The Gauss–Jordan algorithm is a technique for hand-calculation of the inverse. Nowadays, you should hardly ever compute a matrix inverse, even on a computer, but Gauss–Jordan is still useful to go over:
It helps us to understand when and why an inverse matrix exists.
It gives us yet another example to help us understand the structure of elimination operations
using LinearAlgebra # as usual, we'll load this package
The inverse of a linear operator $A$ is the operat that "undoes" the action of $A$:
$$ \boxed{A^{-1}(Ax) = x} . $$for any $x$. Equivalently, $\boxed{Ax=b \implies x = A^{-1} b}$. This means that
since for non-square matrices or matrices with one or more "zero pivots" we can't always solve $Ax=b$ (we'd divide by zero during backsubstitution). It is also easy to see that $\boxed{(A^{-1})^{-1} = A}$, i.e. that $A$ undoes the action of $A^{-1}$.
Equivalently, $$ \boxed{AA^{-1} = A^{-1} A = I} $$ where $I$ is the m×m identity matrix — in linear algebra, we typically infer the size of $I$ from context, but if it is ambiguous we might write $I_m$.
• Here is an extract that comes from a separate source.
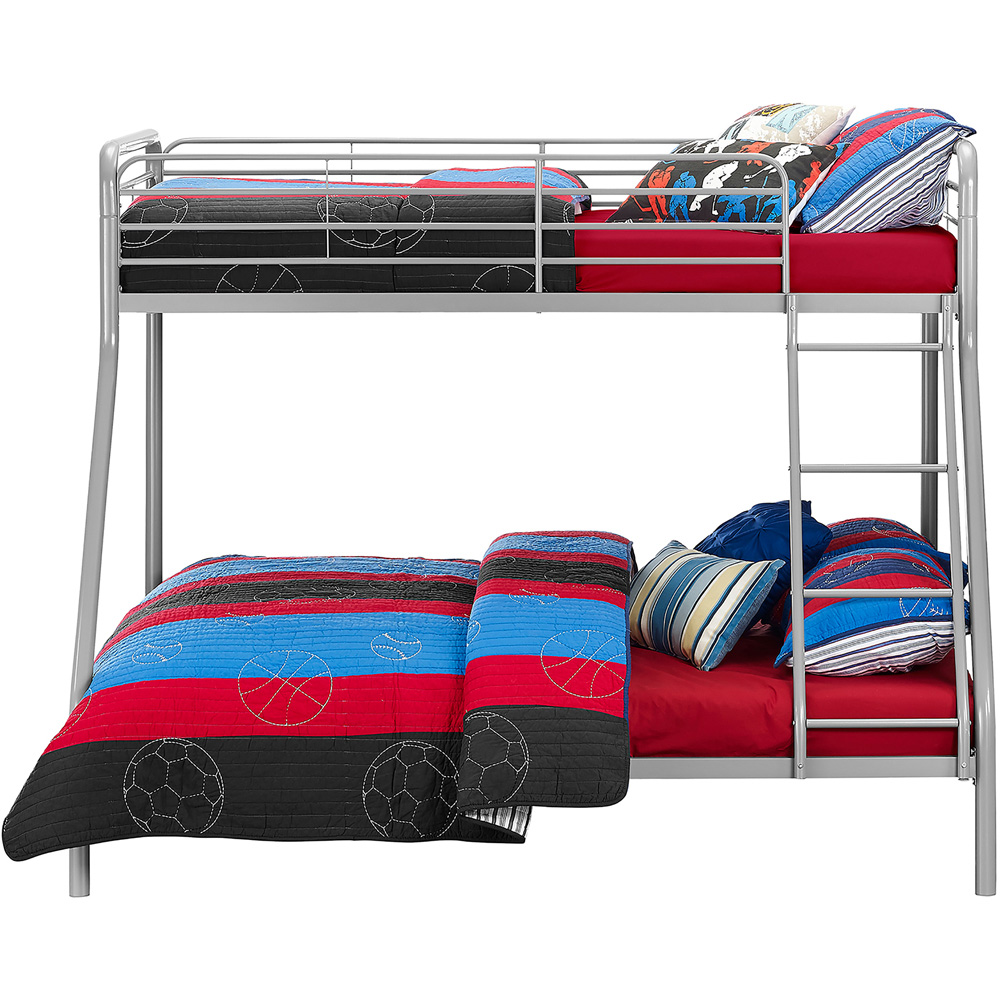 Dorel Single with Double Grey Metal Bunk Bed Image 5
It is easy to see that the inverse of a product $BA$ is the product of the inverses in reverse order: $\boxed{(AB)^{-1} = B^{-1} A^{-1}}$. Intuitively, when you reverse a sequence of operations, you always need to retrace your steps in backwards order. Explicitly: $$ (AB)^{-1} AB = B^{-1} \underbrace{A^{-1} A}_I B = B^{-1} B = I \, . $$
For example, we saw that Gaussian elimination corresponded to the factorization $A = LU$, where $U$ is the result of elimination and $L$ is simply a record of the elimination steps. Then $$ Ax = b \implies x = A^{-1} b = (LU)^{-1} b = \underbrace{U^{-1} \underbrace{ L^{-1} b }_\mbox{forward substitution}}_\mbox{backsubstitution} \, . $$
In general rarely if ever compute inverses explicitly:
More on this below. Instead, inverses are mostly a conceptual tool to move operators/matrices around in equations. Once we have the equations in the form that we want, we then carry out the computations in some other way.
Inverses allow us to "divide by matrices", but we always have to be clear about whether we are dividing on the left or on the right. The following notations can be convenient, and are used in computer software like Julia and Matlab and elsewhere for square invertible matrices $A$:
$$ B / A = BA^{-1}, \\ A \backslash B = A^{-1} B$$The equation $A A^{-1} = I$ actually gives us the algorithm to compute $A^{-1}$.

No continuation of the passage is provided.